§ GIVEN DATA:
※
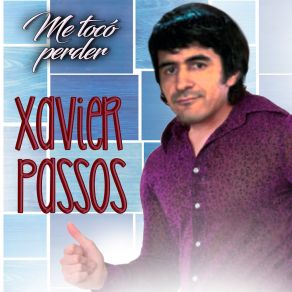 Download track Si Me Quieres Me Esperas Xavier Passos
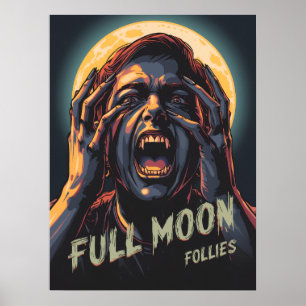 Full Moon Follies Werewolf Poster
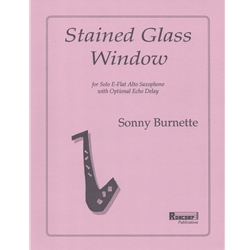 Stained Glass Window - Unaccompanied Alto Saxophone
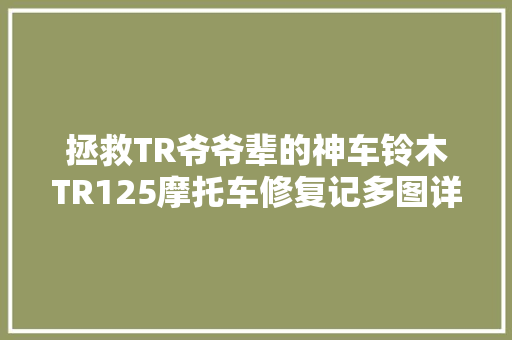 拯救TR爷爷辈的神车铃木TR125摩托车修复记多图详解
※
§ WORK REQUIRED: Please return the material above unchanged, with every picture removed.

§ OUTPUT OF THE TASK:
 Download track Si Me Quieres Me Esperas Xavier Passos
 Full Moon Follies Werewolf Poster
 Stained Glass Window - Unaccompanied Alto Saxophone
 拯救TR爷爷辈的神车铃木TR125摩托车修复记多图详解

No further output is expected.